I guess this is a good point to note that the average salary for a miner is around $130,000 p.a., plus benefits. *Gulp*

Rachel’s office.

Sexism is apparent, but it’s not everywhere.
The conditions were dirty and rough, and their behaviour followed suit. “Our presence is somewhat threatening to their way of life,” says Rachel, “a sort of dissipation of “the boys club”  – ie. no more pissing off the side of your digger or reading dirty mags in the crib huts. The challenge for women is to find a place where they are accepted for themselves amongst their peers while not threatening the traditional work environment, but also not allowing themselves to become sexualised, coerced into doing things they wouldn’t normally find appropriate or at the butt of every joke.”

Like any workplace, there is bullying.

Rachel’s first mine experience sounded horrifying – with only three women on the crew (including her), she was subjected to physical and verbal assaults daily.

“I had water thrown on me, comments about my arse being too big, and I even overheard a conversation between my supervisor and another crew member on a two way radio about what I would be like “in the sack”.”

However, she was also quick to note that this is not the norm, and that the future mines she went on to work at were far more welcoming. If not still requiring a thick skin:

“Once I pulled on my big girl panties and started to stand up for myself (including pouring hot coffee on someone, engaging in a fist fight with another bloke at the pub and making various threats about exposing what the boys were up to to their wives) I actually found myself a popular and respected member on crew, and thoroughly enjoyed my time at that mine. I still have my closest friends for there and count it as the best job I ever had.”

One of the less glamorous ‘dongers’ that Rachel has lived in for months at a time.

Yep, she would recommend you give it a go: but you need to be tough. VERY TOUGH.
There is no point trying to dress up what is clearly a pretty tough gig: the type of woman who succeeds in the mines – both on the ground and in management roles – must be up for the challenge. Resilience, humor, and acceptance of hi-vis clothing is a good start, reckons Rachel. Does she think it’s an ‘appropriate’ work environment for women?

“If she finds it appropriate for herself. Some people, make or female, wouldn’t find it an appropriate place to work. Filthy surroundings, freezing cold, scorching heat, swearing and spitting,” Rachel said.

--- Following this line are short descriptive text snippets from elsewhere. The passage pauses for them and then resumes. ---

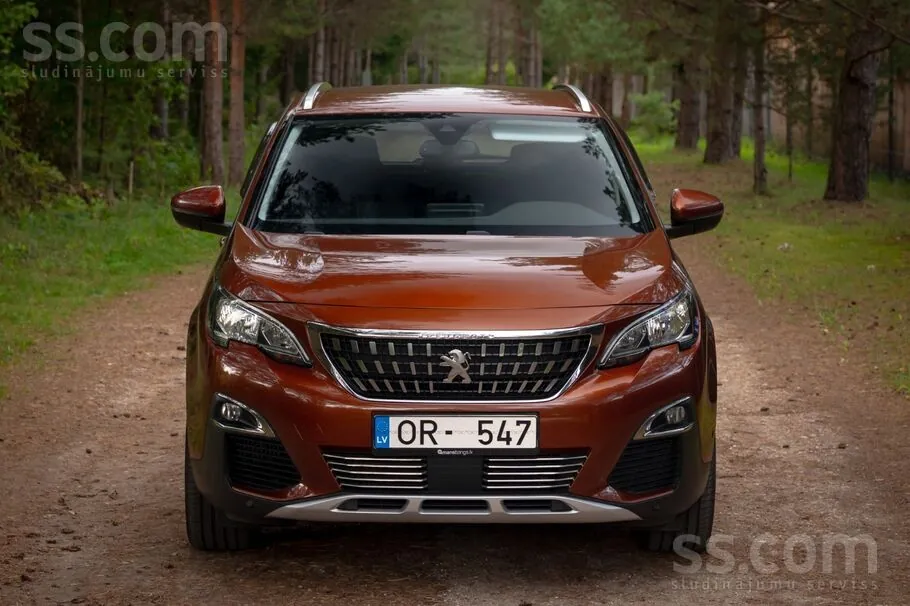 Peugeot 3008 2019 photo 2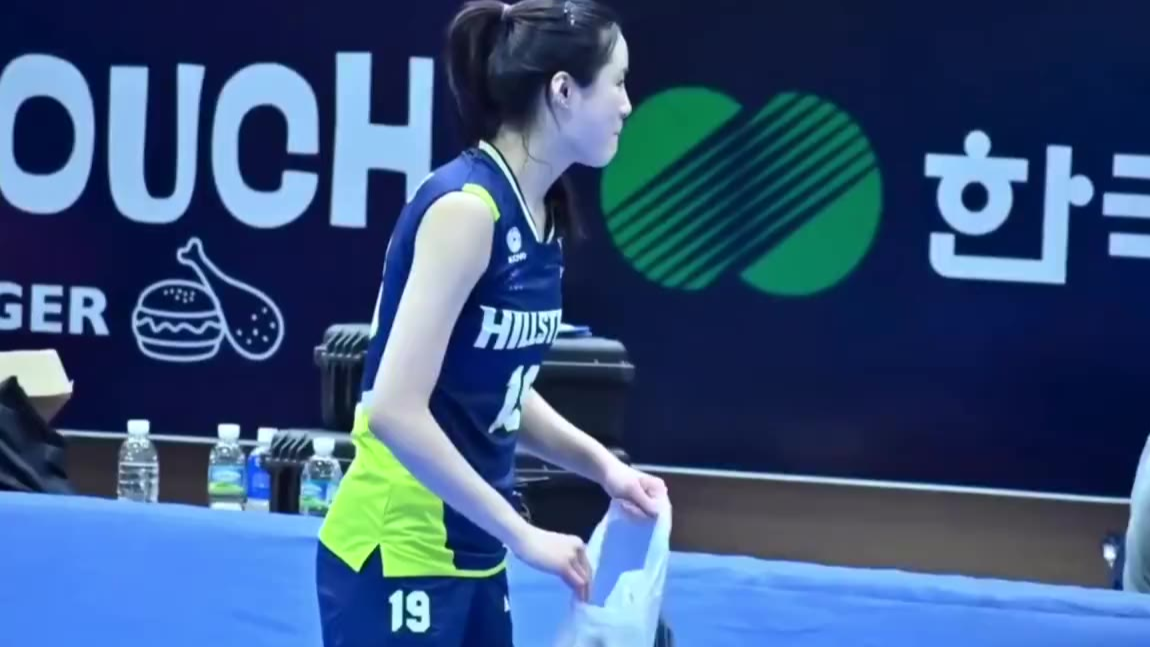 来自女子运动员的撒娇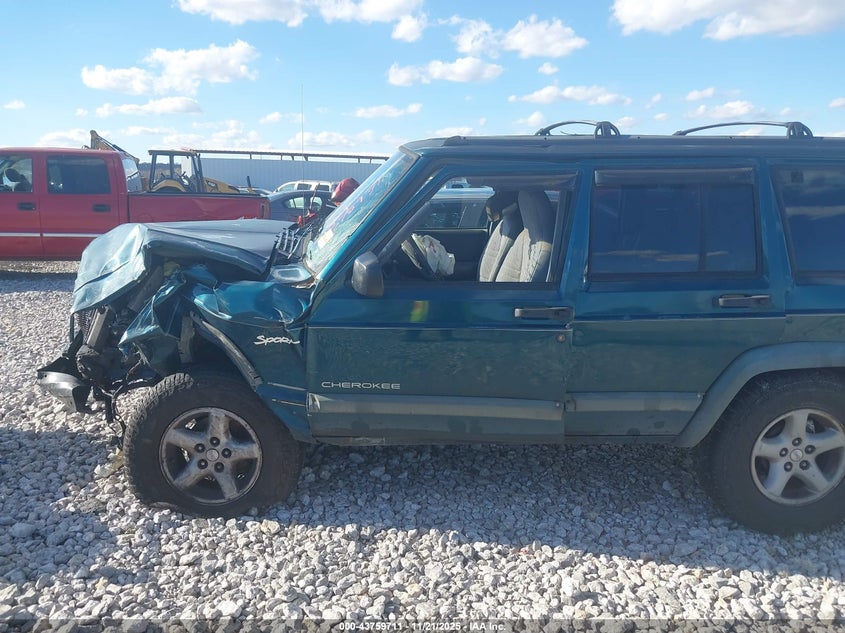 1998 Jeep Cherokee Classic/Sport VIN: 1J4FJ68S5WL281374 Lot: 43759711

“It’s like asking if a pub is appropriate for a woman to go into. It really depends on the woman. I’m a feral by nature, none of those things ever worried me, I prefer it to square eyes in front of a computer screen and a pile of paperwork.The thought of that makes my head hurt.”

Look inviting? No? Um, wait until til you see the paycheck.

Most female miners will be a pioneer in one way or another. Some will be the first woman on their particular site. Others will be the first truck driver. Some will be the first  manager. For Rachel, she was the first mother.

“My contact company were a little confused over what to do with me! My branch had never faced having a pregnant operator and gave me false information regarding my entitlement to maternity leave and pay. As for my pregnancy on site – best ever. I was immediately taken off the biggest trucks that run under shovels (it’s very hard on the body), allowed extra breaks if I was tired or unwell without penalty, put on short, gentle runs, usually in coal or reject material (it’s light and soft and goes into the truck smoothly).”

It might be the wild west, but these women are tougher than you think.

*not her real name.

Do you or would you ever work out in the mines?